I’ve no idea what was going on, but as I was walking back to the hotel, a small military parade passed. they seem to be quite young, so perhaps it was a local school.

This is my last day in Bergen. Tomorrow, I’ll… tell you about it then. I give Bergen very high marks. Quiet, clean, and much to see. When the cruise ships show up, it can get a bit crowded with tourists, but they eventually give the all aboard signal and things settle down again.

If there is one thing I am missing about my recent travels, it is experiencing a culture that is very different from my own. Most of what I’ve experienced in Europe feels like almost any city/town at home. The smaller towns in Spain were a bit different, but still, the people… we are all westernized. I have made a mental note that future travels will be more about engaging and experiencing people/cultures that are very different from my own. Don’t think I’m being critical here. Absolutely not! I wouldn’t change a thing (except the stupid foot), it is just that the world is so full and rich, and I would like to see more than myself.

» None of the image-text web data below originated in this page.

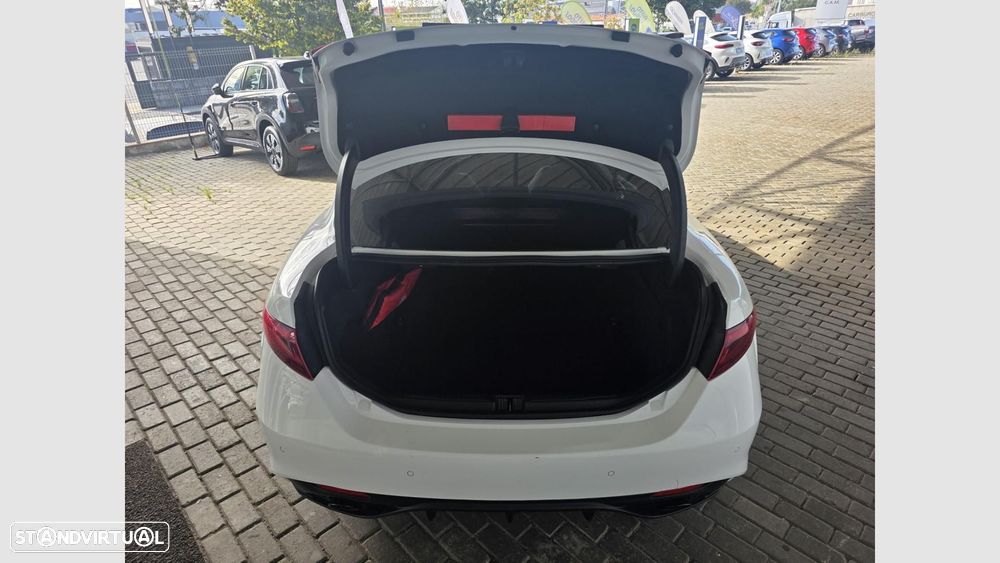 Alfa Romeo Giulia 2.2 D Estrema Q4 AT8 - 11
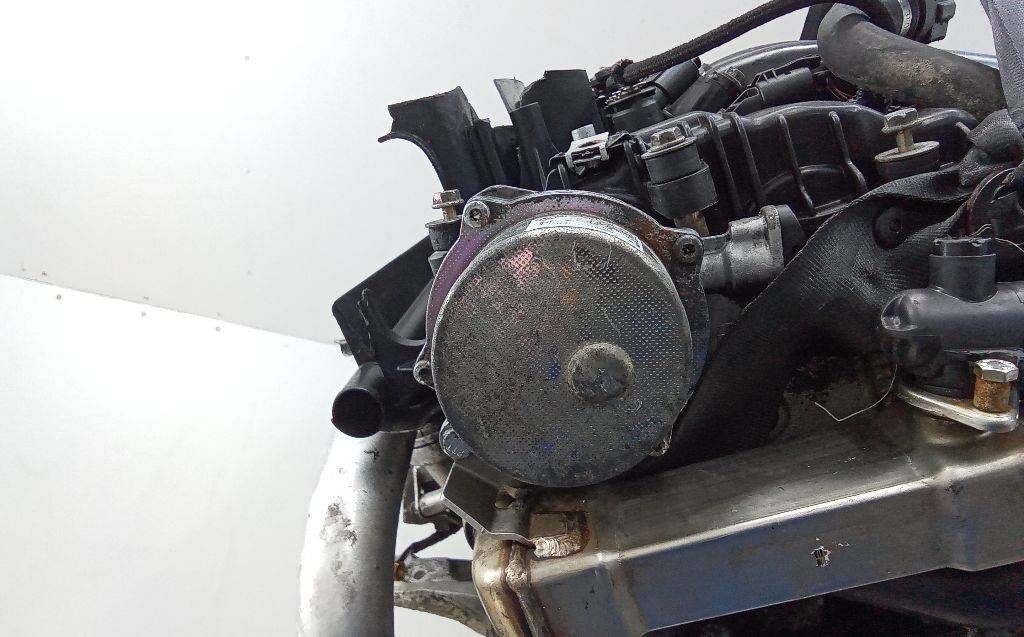 насос вакуумный BMW 5 серия E60/E61 2004, 2.5 л., дизель, 11667791232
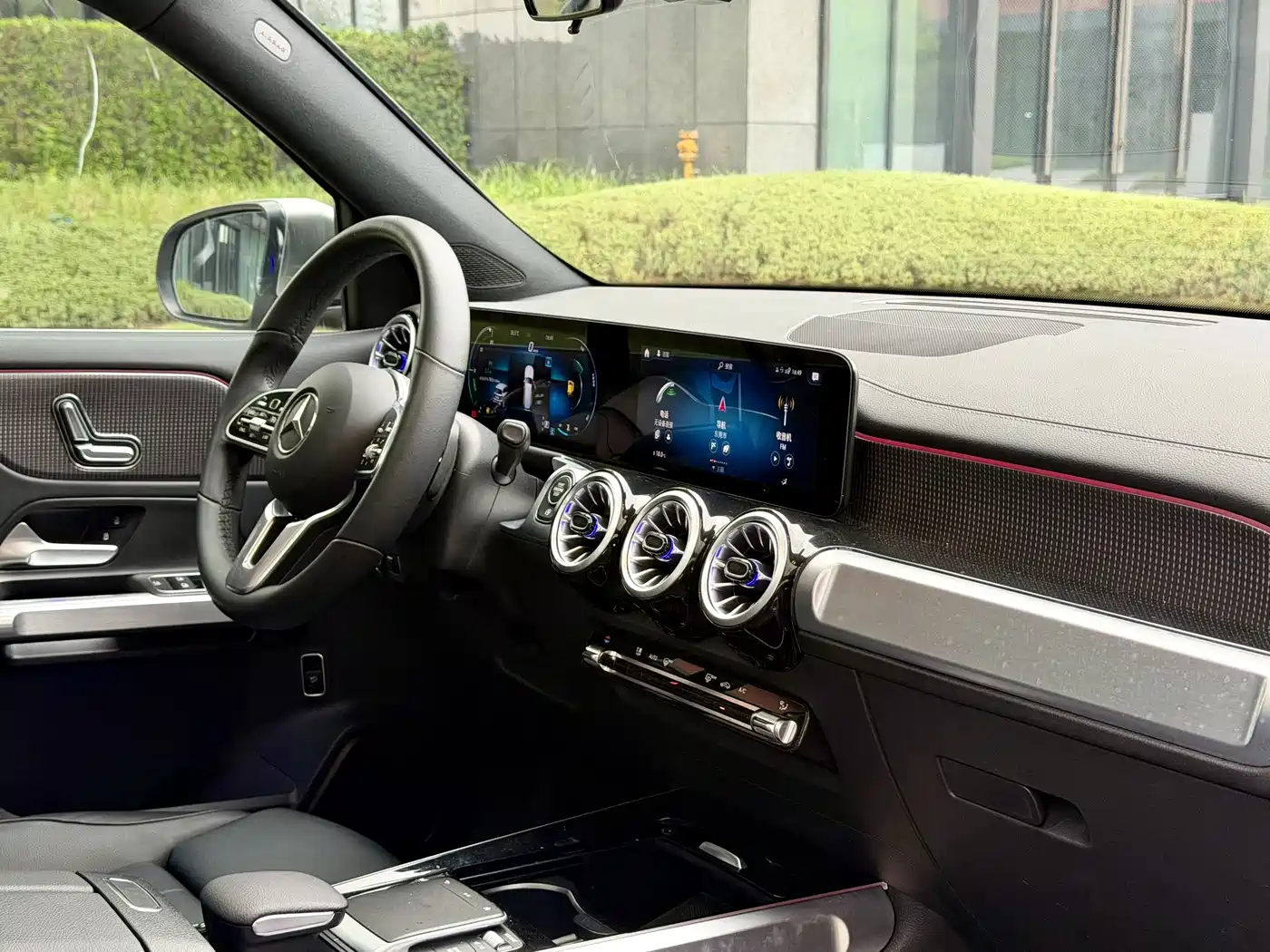 MERCEDES-BENZ GLB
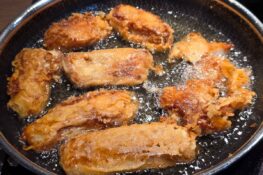 Skrei wird in der Pfanne gebraten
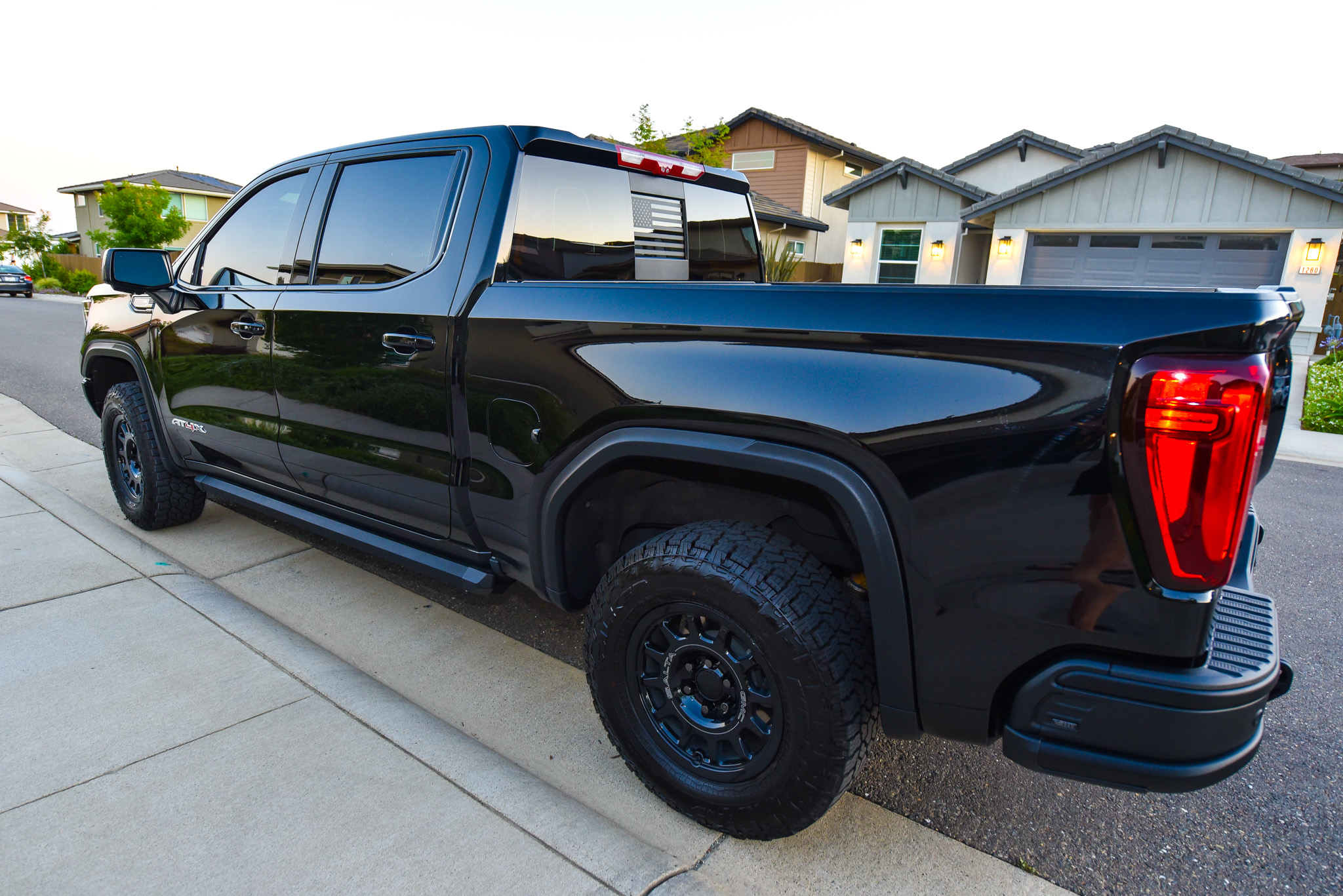 Used 2023 GMC Sierra 1500 AT4X w/ AT4X AEV Edition AWD/4WD image 8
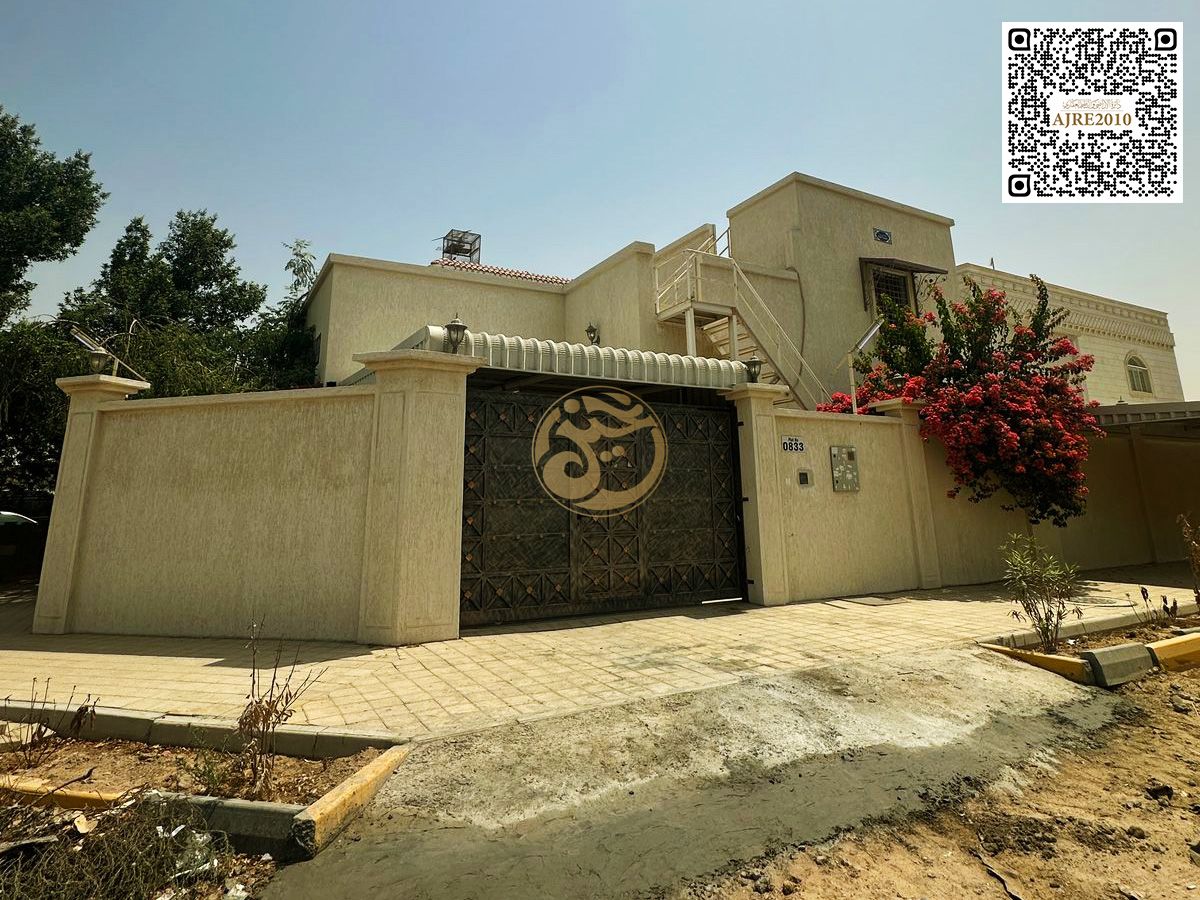 Corner 3BR Villa | Shaded Parking | Prime Spot | Freehold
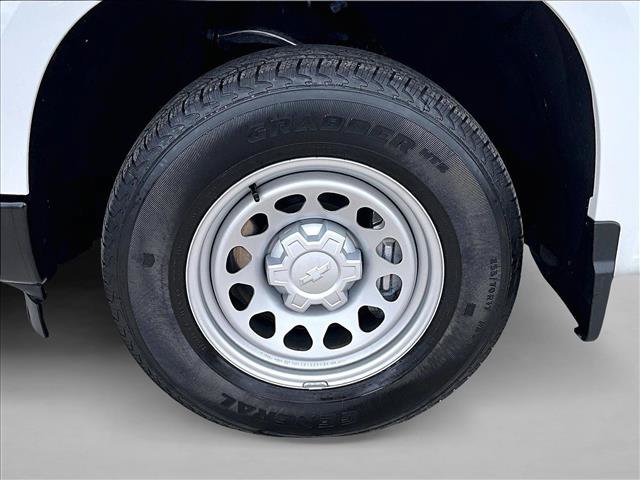 Used 2025 Chevrolet Silverado 1500 W/T w/ WT Value Package RWD image 10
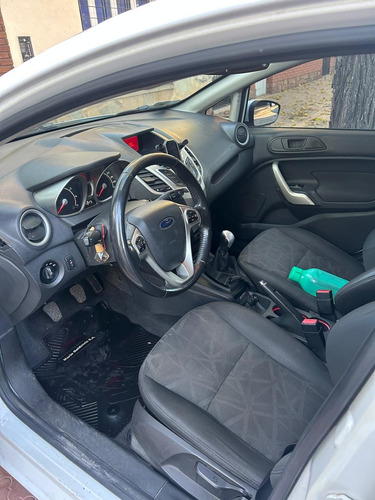 Ford Fiesta Kinetic 1.6 Design 120cv Titanium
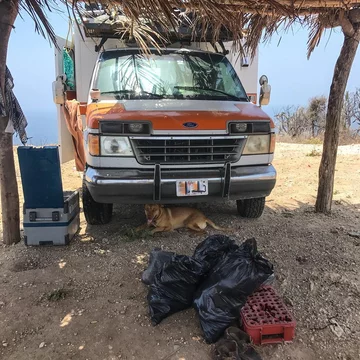 Karetka przerobiona na mieszkanie 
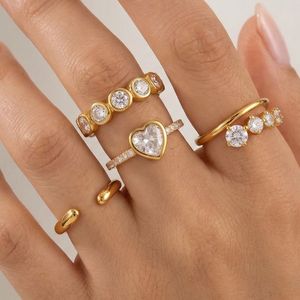 Anillos de Acero Inoxidable al por Mayor con Zirconia en Forma de Corazón para Mujer, Joyería Minimalista de Alta Gama para Uso Diario - Product Image 3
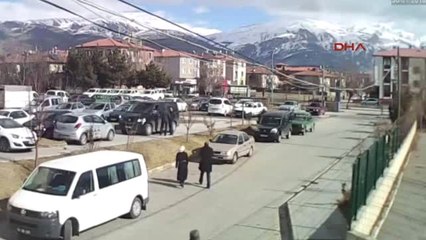 Erzincan Üzerine Gelen Otomobili Son Anda Fark Etti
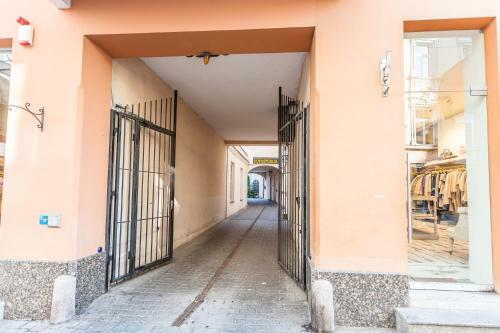 Didzioji Str Two-bedroom Apartment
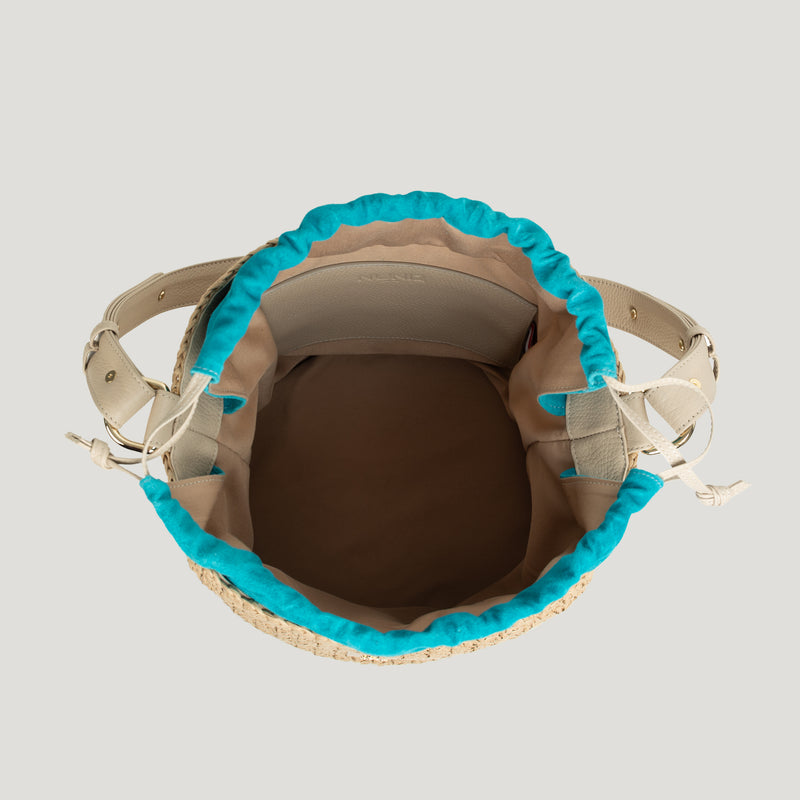 Samra in Raffia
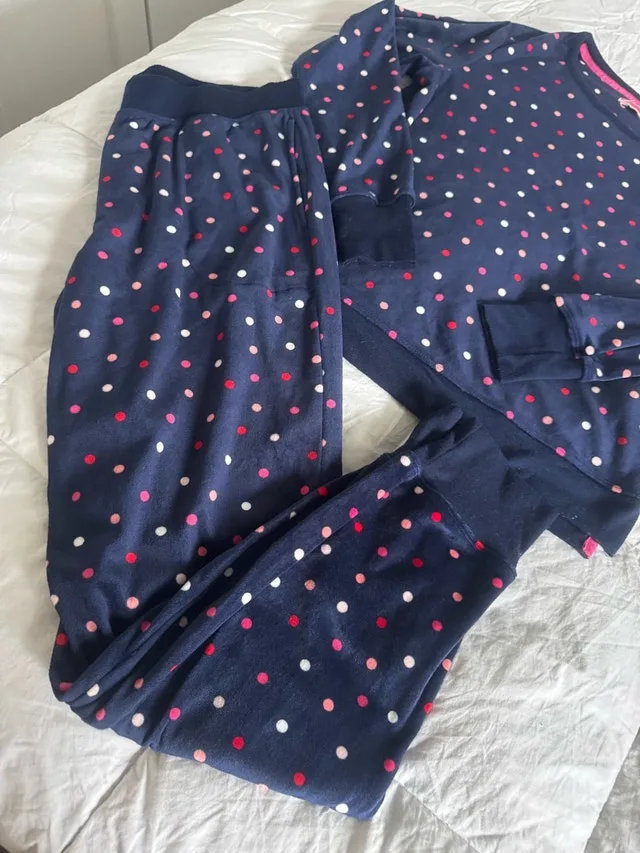 Ladies Size Small Kate Spade two piece pyjama set $20 image indicator(4)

Pray you are well. I’ll see you at the next destination.

Travel: Bergen 3

After attending the Gospel Night service on Friday, which was in Norwegian, I decided that I needed a service in English. I Googled “English Church Bergen” and was directed to Mariakirken (St. Mary’s Church.) I should have known by the name that I was going somewhere special, but had no idea.

St. Mary’s is the oldest existing building in Bergen, having been built between 1130-70. There have been renovations since, especially due to two fires, but much of the original building is intact.

The congregation is a part of the Church of England/Anglican Church in Norway. They were very welcoming.

I had to know how an Anglican congregation could be in the oldest church building in Bergen. Simple. They rent it. The city wanted there to be a weekly service held in the church, but when it was in Norwegian, it seems that anyone visiting would turn and leave. However, when they started having a CoE service in English, people stayed. Based on my observations, it is a thriving church.

There is much to see inside, but your eyes are immediately drawn to the altar (no explanation needed.)

The pictures do it no justice. It is radiant. From the Bergen website:

The alter reredos
This is the church’s oldest treasure, and can be traced to the end of the 15th century. It is North German work, probably from Lübeck. The screen is a triptych, the carving of the central panel depicting Mary and the infant Jesus. Here she is shown as the woman in Revelations:  «clothed with the sun, and the moon under her feet, and upon her head a crown of twelve starts». On her right we find St Olav, above St Antony, whose intercession was held to cure the plague. On her left stands St Catharine with her sword and wheel, above St Dorothea.  On the side panels we see all the apostles except Judas, but including Paul. All bear their symbols, and hold the book of Gospel. The hinged side panels were only unfolded in high festivals, their reserve sides facing the church at all other times.

Second to the triptych is the pulpit. This is definitely not a protestant pulpit like I’ve seen in the Lutheran churches. Also, from the website:

The pulpit of St Mary’s is something of an enigma in Norwegian art history; it resembles no other pulpit in the country. It was presented to the church in 1676, by a group of prominent merchants who had their place of business on the old Hanseatic Warf (Bryggen). Who actually made it is unknown, but the use of tortoiseshell and lacquer work is foreign to this country, and would suggest a link with countries connected with East Asia, perhaps Holland. The pulpit and the stair-case are divided into panels by richly decorated columns. Here we find eight of the nine original cardinal virtues, represented by women with various attributes. Penitence with a pelican, Prudence with a snake, the naked Truth, Chasity with two turtle doves, Patience with a lamb, Hope with a dove, and part of an anchor, Faith with book and cross, and Charity with two children.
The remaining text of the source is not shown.